● WHAT THE TASK ASKS:
Excluding pictures, transcribe precisely the lines from the one containing "A football player" to the final line of the listing below, inclusive, and nothing more.

● INFORMATION SUPPLIED:

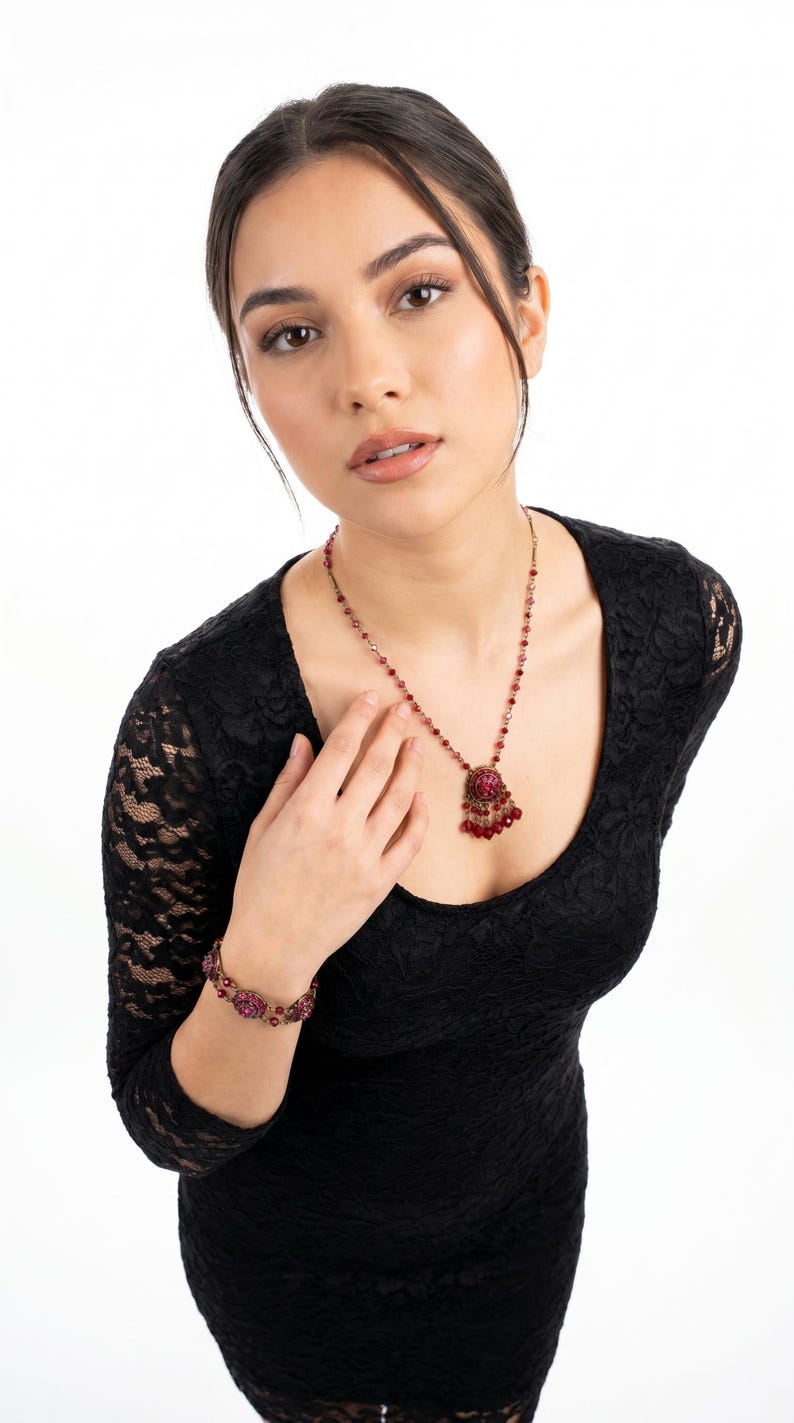 Puede incluir: Una mujer con un vestido de encaje negro y un conjunto de joyas a juego. El conjunto incluye un collar con colgante y una pulsera, ambos con piedras preciosas rojas. Fondo blanco.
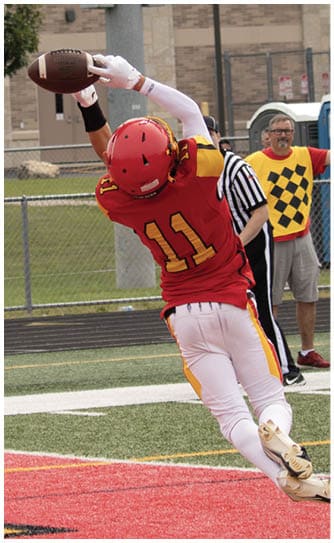 A football player catching a ball. Description generated by AI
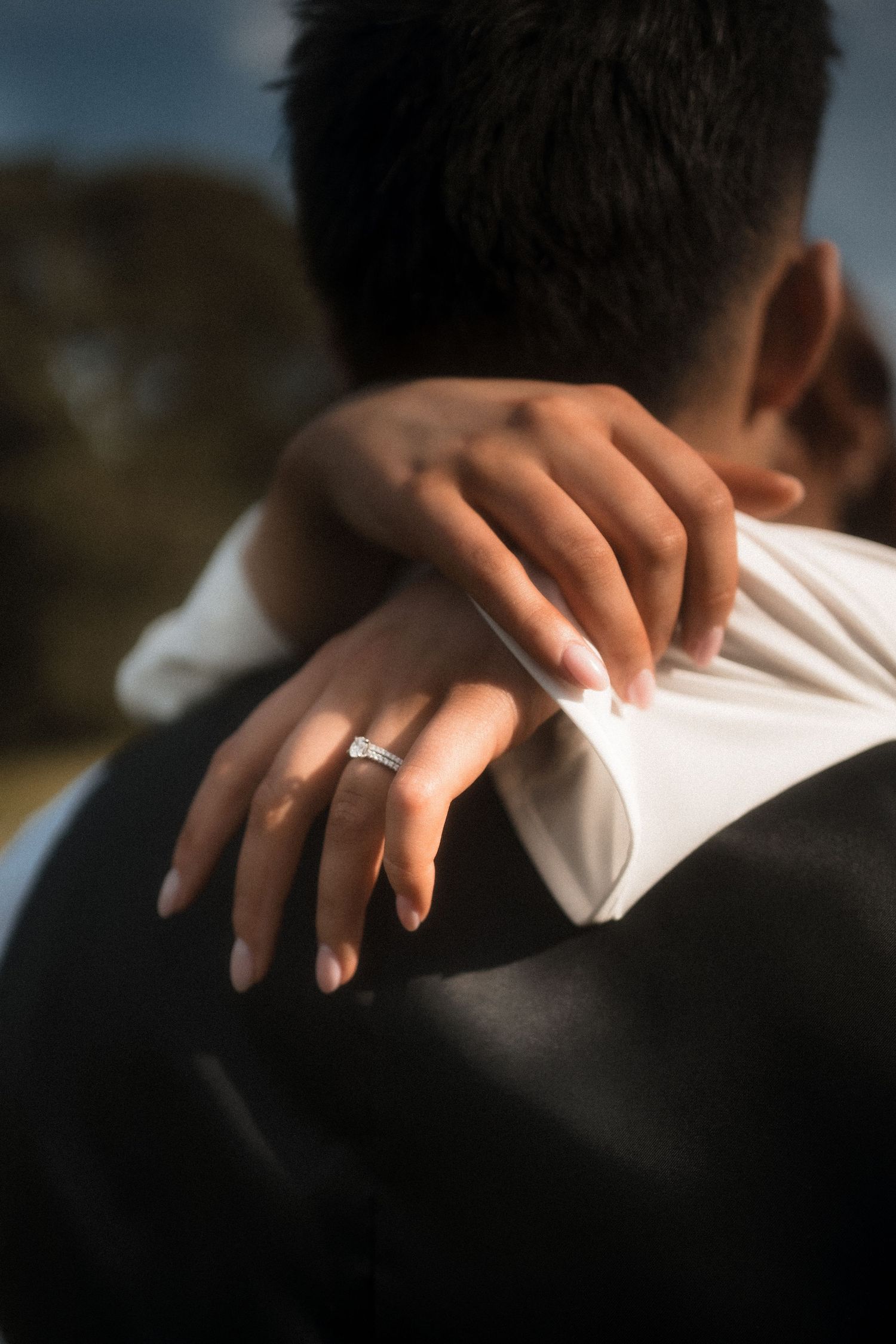 Close-up shot of hands resting on a white dress in dramatic lighting.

● SOLUTION BELOW:
 A football player catching a ball. Description generated by AI
 Close-up shot of hands resting on a white dress in dramatic lighting.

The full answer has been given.